Collaborators: Anne Elise Stratton, University of Michigan; Jucinei Comin, Federal University of Santa Catarina; Charles Lamb, CEPAGRO, Santa Catarina, Brazil
Funding: NSF GRFP; Conservation, Food, and Health Foundation; Elizabeth Caroline Crosby Research Award, University of Michigan

Ecological approaches to food production, particularly strategic increases in plant functional diversity on farms, may generate a wide range of ecosystem services and improve nutritional quality of food crops. To date, however, limited research has assessed these multifunctional outcomes on working farms. This project, led by PhD student Anne Elise Stratton, is determining linkages between crop functional diversity, soil biological processes, and crop nutritional quality on 16 small-scale family farms in southern Brazil. Cover crops and intercrops that include legume species have large potential to impact soil fertility and food crop nutritional quality because legumes convert atmospheric nitrogen, a necessary plant nutrient and protein building block, into plant-available forms of nitrogen in soil.Legume cover crops and intercrops could improve crop nutrient and phytochemical composition through multiple mechanisms, but the specific linkages between management and crop quality are poorly understood. This project addresses two research questions: 1) How do legume cover crops and intercrops impact soil nutrient cycling processes, crop yield, and crop nutritional quality? And, 2) Do soil properties predict the effects of cover crops and intercrops across a gradient of low to high soil fertility? The farms span a gradient of soil properties and fertility levels because they vary in the length of time since transitioning to ecological management.

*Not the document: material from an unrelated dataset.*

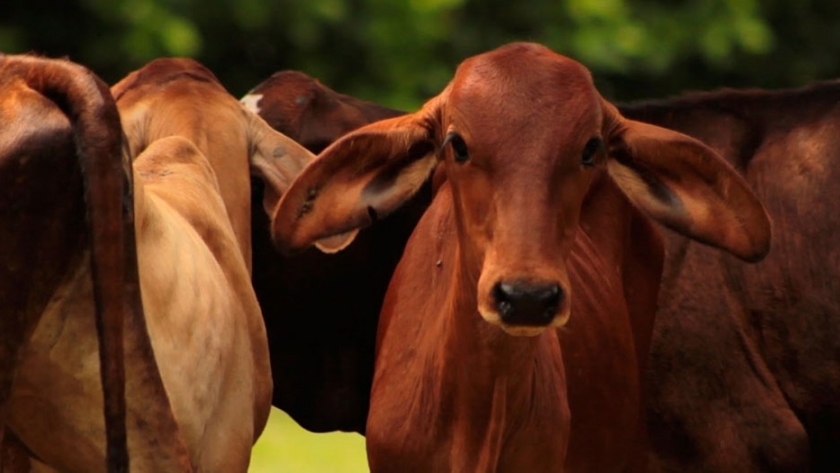 Inseminación artificial en ganado bovino se considera una biotecnología reproductiva 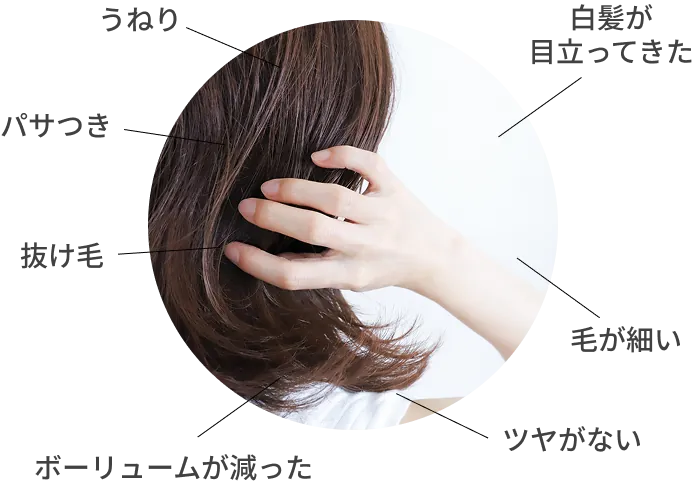 うねり、白髪、パサつき、抜け毛、毛が細い、ツヤがない、ボーリュームが減った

Together with an NGO partner in Santa Catarina, the Center for the Study and Promotion of Community Agriculture (Portuguese acronym: CEPAGRO), we received a grant from the Conservation, Food and Health Foundation to build a network of cover crop “resource hubs” and farm managers within a wider participatory certification system for agroecological produce, ultimately driving innovation in sustainable soil management in Santa Catarina. The outreach effort will train 15-20 farmers in best practices to manage cover crops for soil fertility through a participatory research project; institutionalize cover crops as part of the certification network’s farm management plans; and host a first annual cover crop management and soil fertility workshop at a resource hub as part of participatory certification in eastern Santa Catarina.